This call gave Singh more name recognition as fans and players loved his call and the passion he showed.

Former Penguins defenceman Ben Lovejoy said at the time “The Punjabi call is just spectacular, those guys are outstanding,” according to Sportsnet.

Penguins coach Mike Sullivan also said “We threw them on the game review for our guys to listen to. They got a kick out of it. It’s entertaining, that’s for sure.”

5. A national bestselling author

Singh released a book back in fall of 2020 called One Game at a Time, where he talks about his upbringing from small-town Alberta to calling games on a national stage.

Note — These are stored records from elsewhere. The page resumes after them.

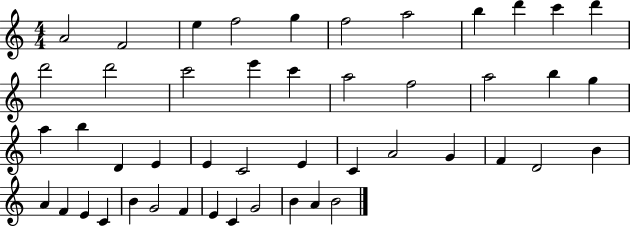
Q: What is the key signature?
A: C major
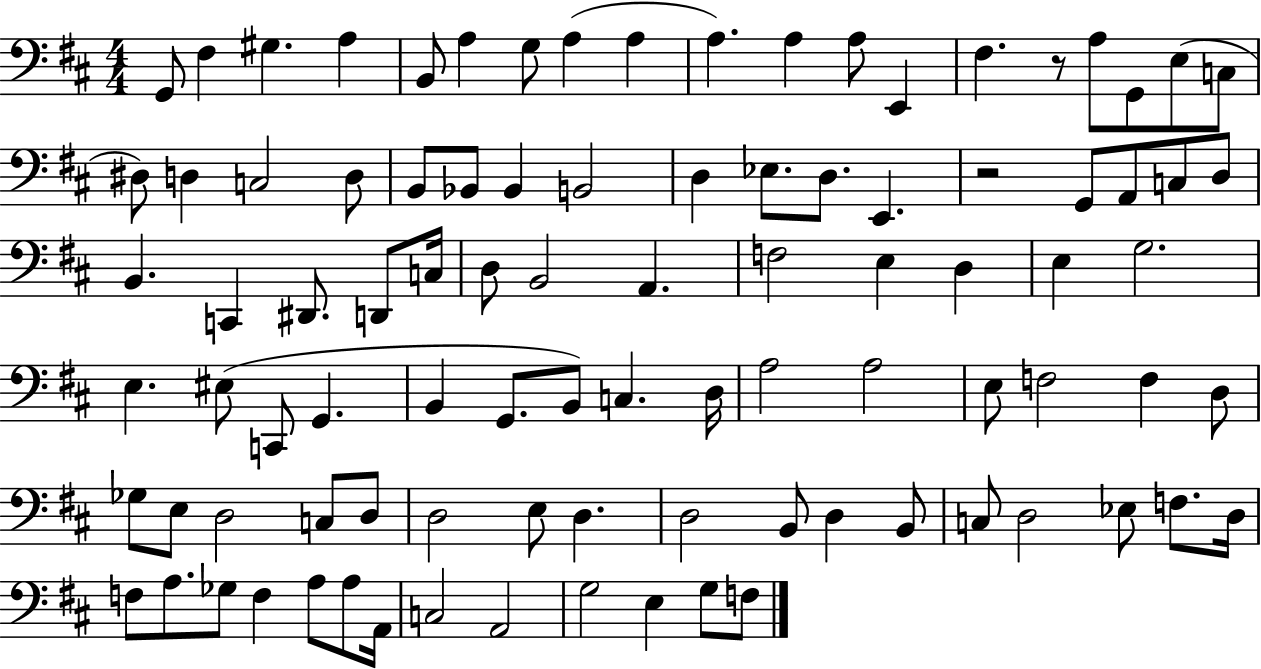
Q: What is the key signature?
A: D major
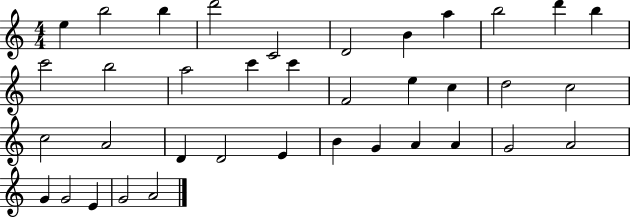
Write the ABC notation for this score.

X:1
T:Untitled
M:4/4
L:1/4
K:C
e b2 b d'2 C2 D2 B a b2 d' b c'2 b2 a2 c' c' F2 e c d2 c2 c2 A2 D D2 E B G A A G2 A2 G G2 E G2 A2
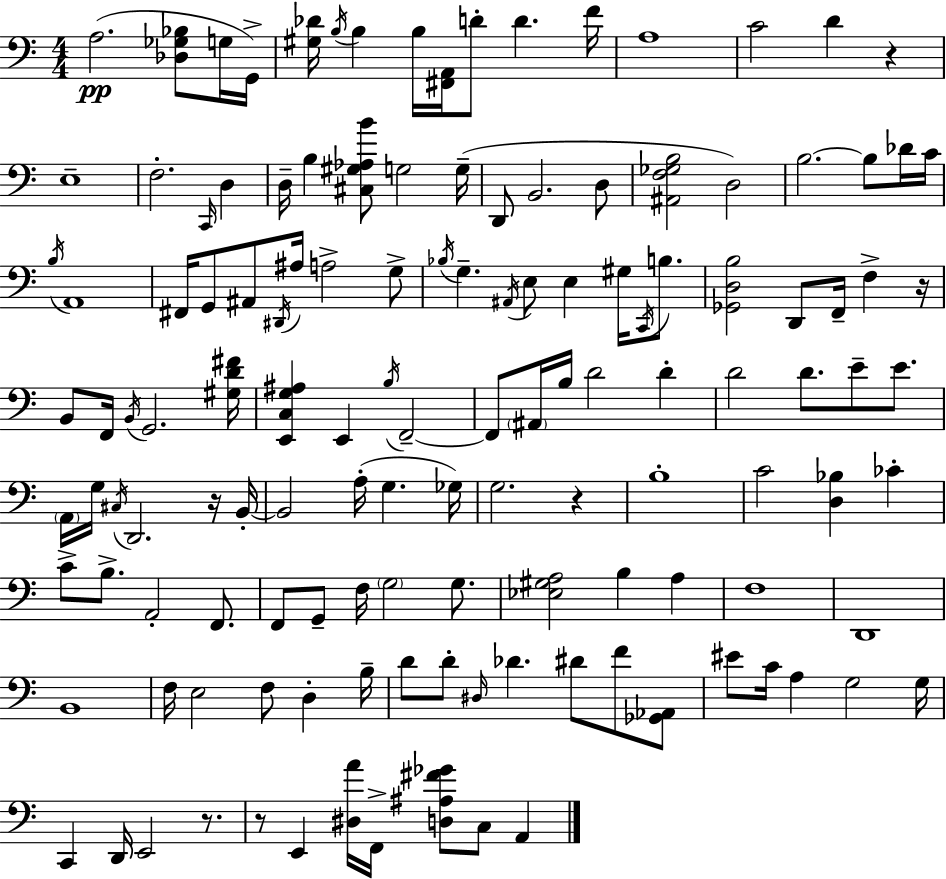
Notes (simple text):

A3/h. [Db3,Gb3,Bb3]/e G3/s G2/s [G#3,Db4]/s B3/s B3/q B3/s [F#2,A2]/s D4/e D4/q. F4/s A3/w C4/h D4/q R/q E3/w F3/h. C2/s D3/q D3/s B3/q [C#3,G#3,Ab3,B4]/e G3/h G3/s D2/e B2/h. D3/e [A#2,F3,Gb3,B3]/h D3/h B3/h. B3/e Db4/s C4/s B3/s A2/w F#2/s G2/e A#2/e D#2/s A#3/s A3/h G3/e Bb3/s G3/q. A#2/s E3/e E3/q G#3/s C2/s B3/e. [Gb2,D3,B3]/h D2/e F2/s F3/q R/s B2/e F2/s B2/s G2/h. [G#3,D4,F#4]/s [E2,C3,G3,A#3]/q E2/q B3/s F2/h F2/e A#2/s B3/s D4/h D4/q D4/h D4/e. E4/e E4/e. A2/s G3/s C#3/s D2/h. R/s B2/s B2/h A3/s G3/q. Gb3/s G3/h. R/q B3/w C4/h [D3,Bb3]/q CES4/q C4/e B3/e. A2/h F2/e. F2/e G2/e F3/s G3/h G3/e. [Eb3,G#3,A3]/h B3/q A3/q F3/w D2/w B2/w F3/s E3/h F3/e D3/q B3/s D4/e D4/e D#3/s Db4/q. D#4/e F4/e [Gb2,Ab2]/e EIS4/e C4/s A3/q G3/h G3/s C2/q D2/s E2/h R/e. R/e E2/q [D#3,A4]/s F2/s [D3,A#3,F#4,Gb4]/e C3/e A2/q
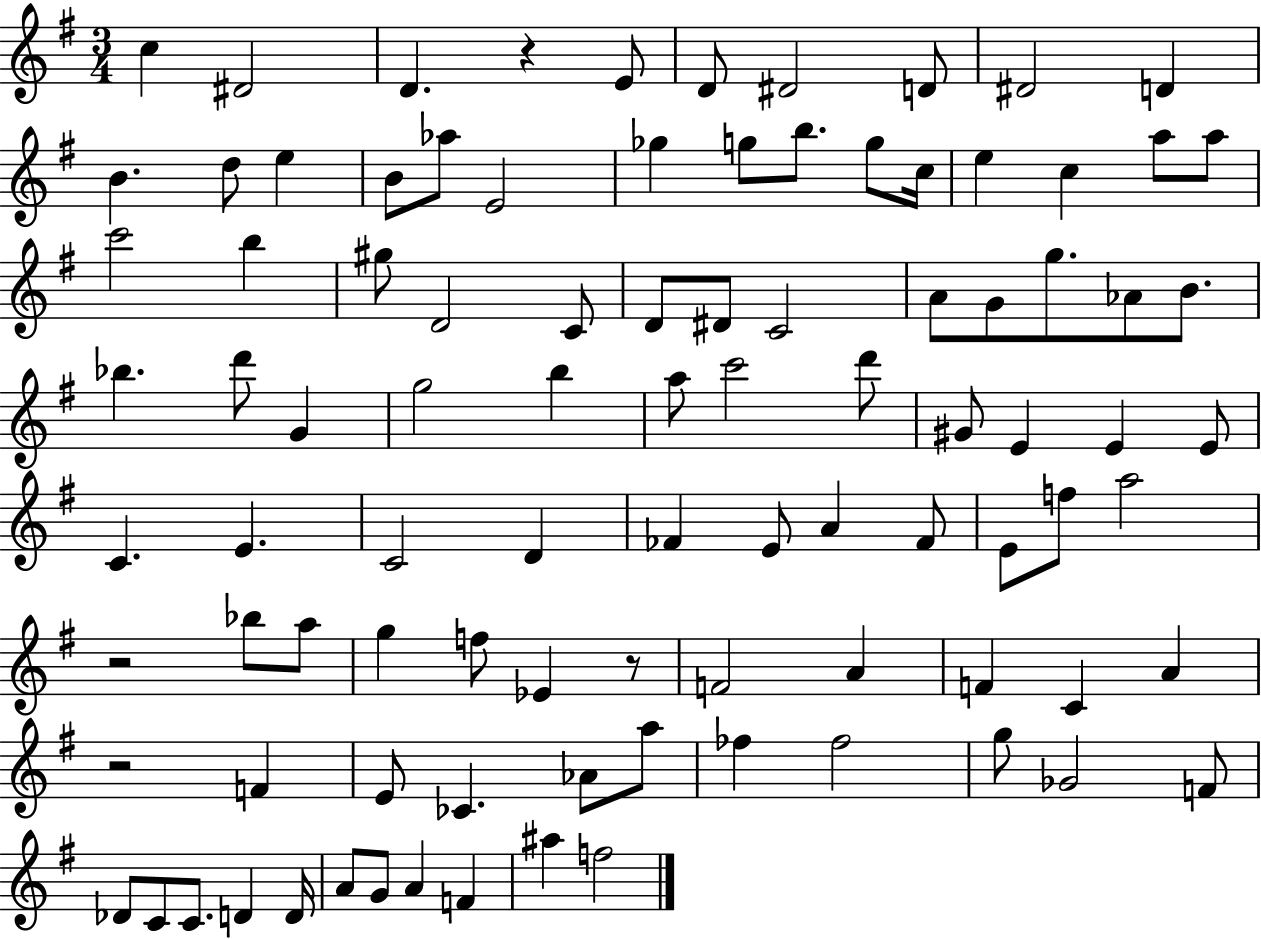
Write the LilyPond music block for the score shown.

{
  \clef treble
  \numericTimeSignature
  \time 3/4
  \key g \major
  c''4 dis'2 | d'4. r4 e'8 | d'8 dis'2 d'8 | dis'2 d'4 | \break b'4. d''8 e''4 | b'8 aes''8 e'2 | ges''4 g''8 b''8. g''8 c''16 | e''4 c''4 a''8 a''8 | \break c'''2 b''4 | gis''8 d'2 c'8 | d'8 dis'8 c'2 | a'8 g'8 g''8. aes'8 b'8. | \break bes''4. d'''8 g'4 | g''2 b''4 | a''8 c'''2 d'''8 | gis'8 e'4 e'4 e'8 | \break c'4. e'4. | c'2 d'4 | fes'4 e'8 a'4 fes'8 | e'8 f''8 a''2 | \break r2 bes''8 a''8 | g''4 f''8 ees'4 r8 | f'2 a'4 | f'4 c'4 a'4 | \break r2 f'4 | e'8 ces'4. aes'8 a''8 | fes''4 fes''2 | g''8 ges'2 f'8 | \break des'8 c'8 c'8. d'4 d'16 | a'8 g'8 a'4 f'4 | ais''4 f''2 | \bar "|."
}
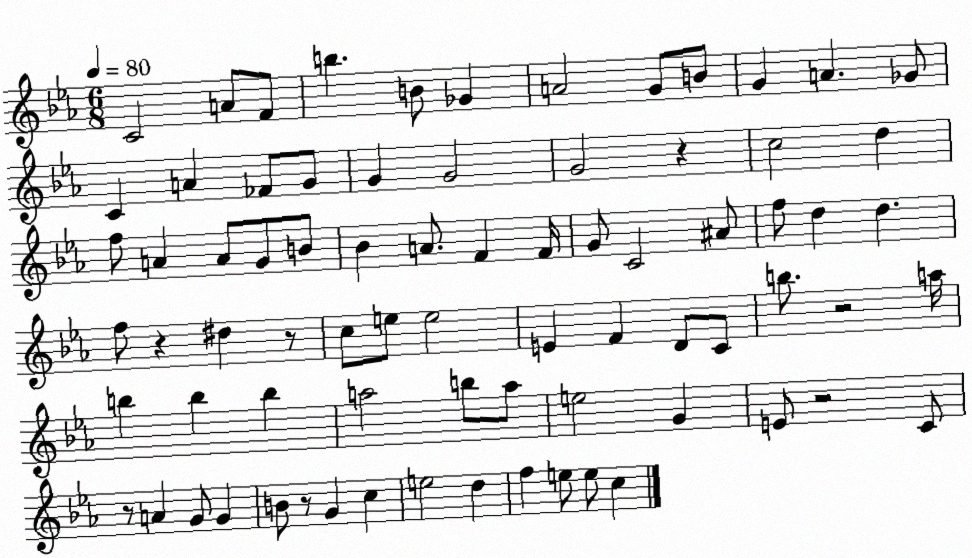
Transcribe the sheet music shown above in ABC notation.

X:1
T:Untitled
M:6/8
L:1/4
K:Eb
C2 A/2 F/2 b B/2 _G A2 G/2 B/2 G A _G/2 C A _F/2 G/2 G G2 G2 z c2 d f/2 A A/2 G/2 B/2 _B A/2 F F/4 G/2 C2 ^A/2 f/2 d d f/2 z ^d z/2 c/2 e/2 e2 E F D/2 C/2 b/2 z2 a/4 b b b a2 b/2 a/2 e2 G E/2 z2 C/2 z/2 A G/2 G B/2 z/2 G c e2 d f e/2 e/2 c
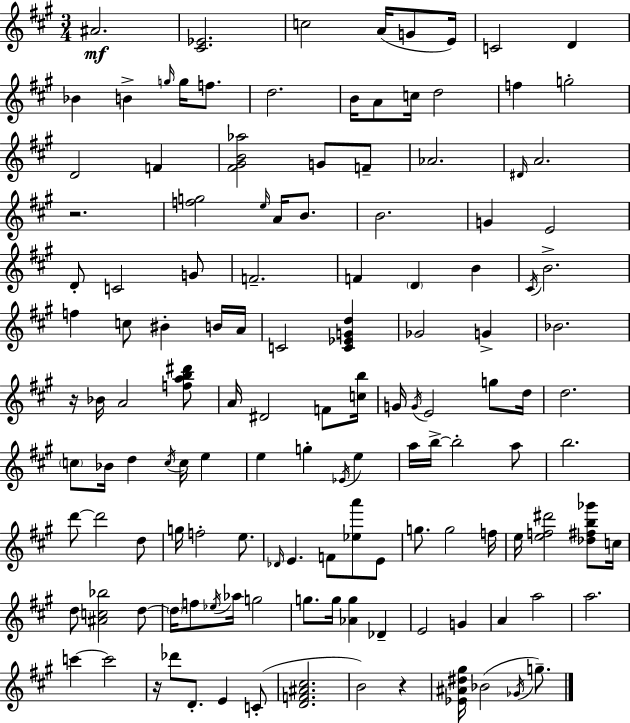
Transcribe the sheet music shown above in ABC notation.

X:1
T:Untitled
M:3/4
L:1/4
K:A
^A2 [^C_E]2 c2 A/4 G/2 E/4 C2 D _B B g/4 g/4 f/2 d2 B/4 A/2 c/4 d2 f g2 D2 F [^F^GB_a]2 G/2 F/2 _A2 ^D/4 A2 z2 [fg]2 e/4 A/4 B/2 B2 G E2 D/2 C2 G/2 F2 F D B ^C/4 B2 f c/2 ^B B/4 A/4 C2 [C_EGd] _G2 G _B2 z/4 _B/4 A2 [fab^d']/2 A/4 ^D2 F/2 [cb]/4 G/4 G/4 E2 g/2 d/4 d2 c/2 _B/4 d c/4 c/4 e e g _E/4 e a/4 b/4 b2 a/2 b2 d'/2 d'2 d/2 g/4 f2 e/2 _D/4 E F/2 [_ea']/2 E/2 g/2 g2 f/4 e/4 [ef^d']2 [_d^fb_g']/2 c/4 d/2 [^Ac_b]2 d/2 d/4 f/2 _e/4 _a/4 g2 g/2 g/4 [_Ag] _D E2 G A a2 a2 c' c'2 z/4 _d'/2 D/2 E C/2 [DF^A^c]2 B2 z [_E^A^d^g]/4 _B2 _G/4 g/2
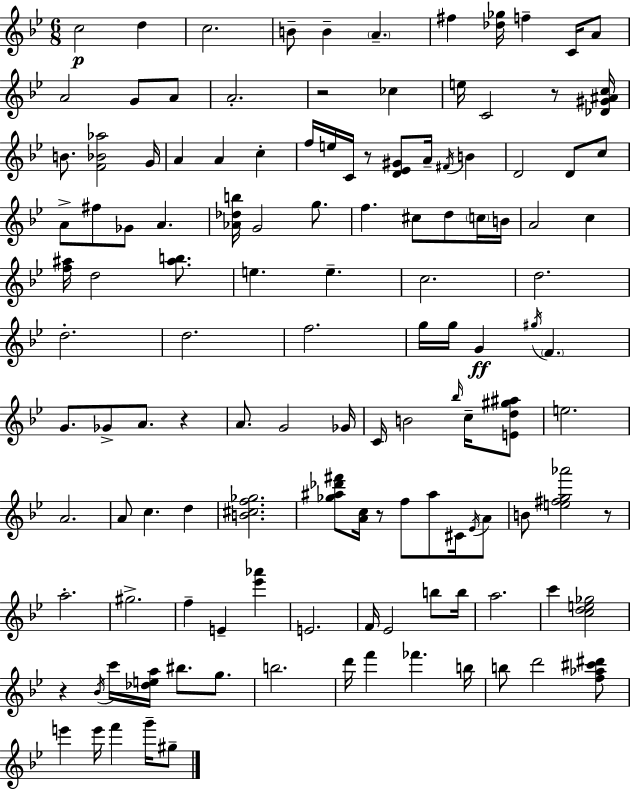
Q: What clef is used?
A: treble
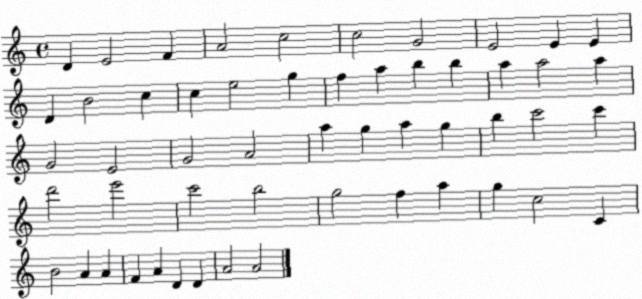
X:1
T:Untitled
M:4/4
L:1/4
K:C
D E2 F A2 c2 c2 G2 E2 E E D B2 c c e2 g f a b b a a2 a G2 E2 G2 A2 a g a g b c'2 c' d'2 e'2 c'2 b2 g2 f a g c2 C B2 A A F A D D A2 A2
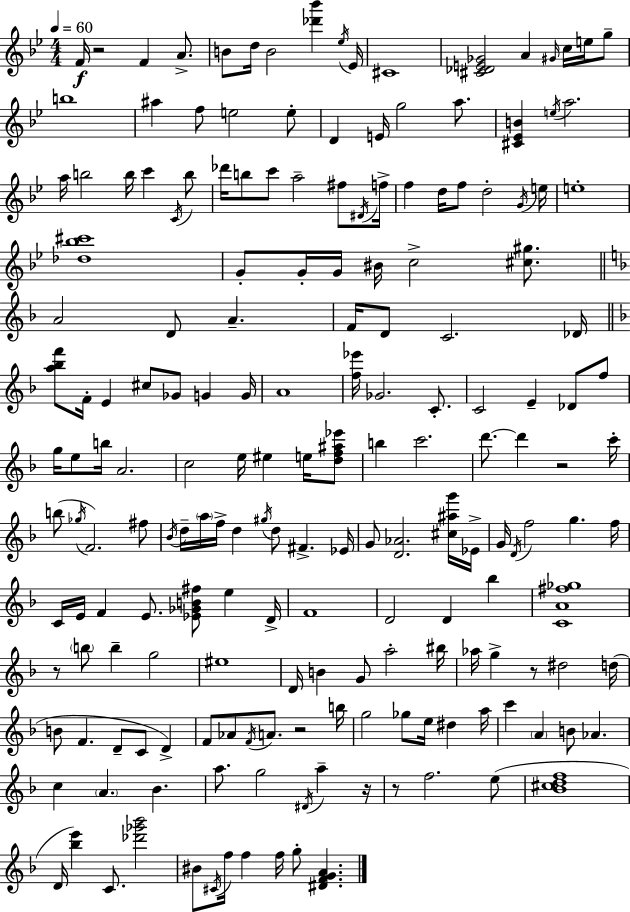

6. A recipient of the Meritorious Service Medal

In 2018, Singh was awarded the Meritorious Service Medal by the Governor-General of Canada for his contributions to Canadian society.

The medal was established to recognize remarkable contributions in many different fields of endeavour, from advocacy initiatives and health care services, to research and humanitarian efforts.

7. He is involved in a variety of charity initiatives 

Hockey Education Reaching Out Society (HEROS) is a volunteer-driven charity that uses hockey to teach life-skills and empower marginalized youth. Singh has been a member for five years, and since 2000, the charity has helped almost 10,000 boys and girls across Canada.

HEROS Hockey has some current and former NHL players serving as ambassadors including Jay Bouwmeester, Matt Dumba, Dougie Hamilton and Joel Ward.

He is also involved with the NHL and Chevrolet Canada.

The NHL’s Hockey is For Everyone program uses hockey to drive positive social change and foster more inclusive communities. The Chevrolet Good Deeds Cup was created to inspire young Canadians to do good by transforming the positive values learned through hockey with the main goal of developing hockey players on and off the ice.